The four men are standing around the station wagon, watching him with boredom, amusement, whatever. Jim is thankful it makes sense to act nervously, because he’s not sure he could stop it. In fact he feels like throwing up, his whole body is hammering with his pulse, he can’t even breathe without a great effort. Still time to—

Headlights, approaching. Jim looks at his watch. It’s time, it’s time, adrenaline spikes up through him: “Hey!” he calls to the men. “Police coming!”

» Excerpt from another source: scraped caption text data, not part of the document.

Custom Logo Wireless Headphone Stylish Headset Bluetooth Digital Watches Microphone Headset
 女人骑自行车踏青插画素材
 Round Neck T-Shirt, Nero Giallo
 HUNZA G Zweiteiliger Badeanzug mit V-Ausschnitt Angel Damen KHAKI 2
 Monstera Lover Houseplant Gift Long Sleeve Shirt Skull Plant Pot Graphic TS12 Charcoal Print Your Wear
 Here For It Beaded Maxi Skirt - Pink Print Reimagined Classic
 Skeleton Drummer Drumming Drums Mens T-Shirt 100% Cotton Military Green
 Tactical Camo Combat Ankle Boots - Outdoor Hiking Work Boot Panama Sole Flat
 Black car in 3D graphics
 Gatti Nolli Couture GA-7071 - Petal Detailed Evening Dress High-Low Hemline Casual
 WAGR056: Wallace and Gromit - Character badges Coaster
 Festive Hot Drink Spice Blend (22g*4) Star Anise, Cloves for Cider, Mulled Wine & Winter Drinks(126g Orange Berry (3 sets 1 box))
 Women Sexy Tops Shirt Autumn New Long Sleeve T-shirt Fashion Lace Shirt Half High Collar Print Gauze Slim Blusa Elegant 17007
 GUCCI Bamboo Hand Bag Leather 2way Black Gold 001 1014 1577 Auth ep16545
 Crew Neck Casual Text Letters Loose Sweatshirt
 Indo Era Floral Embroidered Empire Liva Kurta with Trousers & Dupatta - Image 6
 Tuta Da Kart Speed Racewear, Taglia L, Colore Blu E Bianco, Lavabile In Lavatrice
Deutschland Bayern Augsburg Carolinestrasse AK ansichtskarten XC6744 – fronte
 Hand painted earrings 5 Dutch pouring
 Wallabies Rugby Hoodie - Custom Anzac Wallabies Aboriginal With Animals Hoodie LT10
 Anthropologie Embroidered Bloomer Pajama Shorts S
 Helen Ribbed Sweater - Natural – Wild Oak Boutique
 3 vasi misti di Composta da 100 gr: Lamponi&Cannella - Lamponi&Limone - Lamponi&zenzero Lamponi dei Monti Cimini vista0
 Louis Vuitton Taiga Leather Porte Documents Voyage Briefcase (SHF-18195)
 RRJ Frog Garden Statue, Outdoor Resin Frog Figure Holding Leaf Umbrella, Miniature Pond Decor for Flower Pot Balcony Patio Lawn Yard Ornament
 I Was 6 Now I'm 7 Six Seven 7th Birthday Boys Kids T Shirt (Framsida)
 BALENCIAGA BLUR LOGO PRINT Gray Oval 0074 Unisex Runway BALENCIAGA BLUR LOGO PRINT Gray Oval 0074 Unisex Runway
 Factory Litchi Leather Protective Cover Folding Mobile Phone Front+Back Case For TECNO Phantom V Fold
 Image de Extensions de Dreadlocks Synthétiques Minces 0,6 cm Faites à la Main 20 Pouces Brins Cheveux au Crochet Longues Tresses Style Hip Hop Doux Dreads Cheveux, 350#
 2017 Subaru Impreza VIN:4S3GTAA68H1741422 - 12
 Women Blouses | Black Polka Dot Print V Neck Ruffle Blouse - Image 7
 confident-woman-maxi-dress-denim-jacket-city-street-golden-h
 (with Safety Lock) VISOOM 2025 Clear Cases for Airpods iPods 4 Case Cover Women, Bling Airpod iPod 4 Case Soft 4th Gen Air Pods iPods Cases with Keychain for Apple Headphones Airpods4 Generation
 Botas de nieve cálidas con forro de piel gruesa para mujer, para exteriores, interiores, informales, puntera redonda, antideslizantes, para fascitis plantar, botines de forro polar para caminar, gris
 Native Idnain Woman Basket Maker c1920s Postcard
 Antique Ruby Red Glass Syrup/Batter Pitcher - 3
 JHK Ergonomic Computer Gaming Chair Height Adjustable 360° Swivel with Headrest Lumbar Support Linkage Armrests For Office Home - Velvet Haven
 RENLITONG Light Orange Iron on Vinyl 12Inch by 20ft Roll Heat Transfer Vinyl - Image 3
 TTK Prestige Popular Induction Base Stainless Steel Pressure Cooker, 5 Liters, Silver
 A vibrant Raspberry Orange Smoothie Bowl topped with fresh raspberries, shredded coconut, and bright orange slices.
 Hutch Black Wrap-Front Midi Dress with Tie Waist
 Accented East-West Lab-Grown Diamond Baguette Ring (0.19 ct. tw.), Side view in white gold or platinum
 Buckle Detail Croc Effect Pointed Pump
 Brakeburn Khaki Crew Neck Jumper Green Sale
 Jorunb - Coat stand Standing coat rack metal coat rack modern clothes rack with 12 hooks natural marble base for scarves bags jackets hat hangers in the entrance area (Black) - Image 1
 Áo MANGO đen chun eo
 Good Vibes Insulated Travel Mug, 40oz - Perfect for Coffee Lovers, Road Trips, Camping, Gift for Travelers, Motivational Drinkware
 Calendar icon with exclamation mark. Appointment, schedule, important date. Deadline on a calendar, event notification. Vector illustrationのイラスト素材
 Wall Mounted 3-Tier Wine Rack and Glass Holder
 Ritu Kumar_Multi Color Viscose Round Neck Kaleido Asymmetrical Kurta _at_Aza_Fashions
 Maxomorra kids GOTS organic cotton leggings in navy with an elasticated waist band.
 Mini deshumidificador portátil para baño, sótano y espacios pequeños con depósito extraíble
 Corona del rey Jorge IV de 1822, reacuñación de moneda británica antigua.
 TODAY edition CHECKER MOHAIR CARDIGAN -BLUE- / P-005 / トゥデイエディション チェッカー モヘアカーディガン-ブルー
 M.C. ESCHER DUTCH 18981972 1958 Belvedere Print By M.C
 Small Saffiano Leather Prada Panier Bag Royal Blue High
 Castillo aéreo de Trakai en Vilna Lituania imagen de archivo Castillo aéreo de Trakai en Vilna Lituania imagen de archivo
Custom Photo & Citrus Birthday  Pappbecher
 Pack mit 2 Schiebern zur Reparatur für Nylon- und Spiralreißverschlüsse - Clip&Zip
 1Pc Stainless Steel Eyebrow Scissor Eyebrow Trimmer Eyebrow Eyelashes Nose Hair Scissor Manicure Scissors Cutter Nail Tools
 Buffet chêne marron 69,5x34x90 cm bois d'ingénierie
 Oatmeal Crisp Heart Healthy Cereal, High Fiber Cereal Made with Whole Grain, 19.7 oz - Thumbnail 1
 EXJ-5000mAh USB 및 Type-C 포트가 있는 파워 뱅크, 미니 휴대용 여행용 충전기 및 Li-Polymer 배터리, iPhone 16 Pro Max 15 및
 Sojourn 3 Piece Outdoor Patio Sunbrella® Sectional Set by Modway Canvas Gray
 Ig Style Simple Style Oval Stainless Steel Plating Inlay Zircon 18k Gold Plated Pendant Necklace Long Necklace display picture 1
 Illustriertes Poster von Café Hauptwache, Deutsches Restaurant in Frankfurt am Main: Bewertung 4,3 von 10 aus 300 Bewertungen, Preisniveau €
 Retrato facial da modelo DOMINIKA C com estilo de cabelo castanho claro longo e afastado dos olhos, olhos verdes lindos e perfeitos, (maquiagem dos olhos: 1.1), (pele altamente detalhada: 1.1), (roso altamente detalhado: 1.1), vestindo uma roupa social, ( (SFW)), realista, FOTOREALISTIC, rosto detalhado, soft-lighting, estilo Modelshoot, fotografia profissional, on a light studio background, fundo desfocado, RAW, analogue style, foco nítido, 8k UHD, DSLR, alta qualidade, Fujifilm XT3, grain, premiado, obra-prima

And his car jerks forward on its own, out of the parking lot and down Lewis to the south, accelerating as fast as it can. Jim takes off running north, toward the little back entrance to the mall.

Up the entrance steps, almost tripping; he’s scared out of his mind! Into the mall maze, up to concourse level, then up a broad, gentle staircase to mezzanine; once there there are ten directions he can run in, and he takes off with only a single glance back.

Two of the men are chasing him.

Jim runs full speed through the crowd of shoppers, skipping and dodging desperately to avoid knots of people, open airshafts, planters, fountains, hall displays and food stands. Up a short escalator three steps at a time, around the big open space filled by the laser fountain. Looking down and across he can see his pursuers, already lost. Then one spots him and they’re off running again. They’re in a tough position, trying to chase someone in a mall; if Jim had more mall experience he’d lose them in a second. As it is he’s lost himself. Floors and half floors, escalators and staircases extending everywhere in the broken, refracted space… shops are going out of business every day because shoppers can’t ever find the same place twice; what chance for two men pursuing a panic-stricken, very mobile individual? It’s a three-D maze, and Jim has only to run a random pattern, trending westward, and he’s lost them.

Or so Jim thinks, fearfully, as he runs. But when he reaches the east side of the mall and flies through the entryway doors, damned if the two men aren’t coming up an escalator back there, at full speed!

Outside, however, on the street bordering the parking lot, he sees his car, which has made it there on its own. Good programming. He runs out to where it sits by the curb, noticing only at the last second the three policemen approaching to inspect it.

Panic on top of panic; Jim’s systems almost blow out at the sight, but his pursuers are in the parking lot now and there’s no time to lose. Without thinking he runs up to the car and shouts at the policemen, “It’s mine! They’re robbing me, they dragged me out of the car and now they’re chasing me!”

The three policemen regard him carefully, then look as he points at the two men, running across the parking lot. “That’s them!”